## Goal of the exercise
Retype the whole listing exactly.

#### Source data

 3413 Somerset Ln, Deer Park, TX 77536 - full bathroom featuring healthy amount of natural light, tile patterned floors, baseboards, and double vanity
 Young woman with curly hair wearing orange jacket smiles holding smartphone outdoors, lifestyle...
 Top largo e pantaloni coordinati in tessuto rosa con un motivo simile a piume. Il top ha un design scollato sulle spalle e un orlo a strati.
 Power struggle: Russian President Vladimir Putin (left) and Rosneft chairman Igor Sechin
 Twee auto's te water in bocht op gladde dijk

########

## Expected answer
 3413 Somerset Ln, Deer Park, TX 77536 - full bathroom featuring healthy amount of natural light, tile patterned floors, baseboards, and double vanity
 Young woman with curly hair wearing orange jacket smiles holding smartphone outdoors, lifestyle...
 Top largo e pantaloni coordinati in tessuto rosa con un motivo simile a piume. Il top ha un design scollato sulle spalle e un orlo a strati.
 Power struggle: Russian President Vladimir Putin (left) and Rosneft chairman Igor Sechin
 Twee auto's te water in bocht op gladde dijk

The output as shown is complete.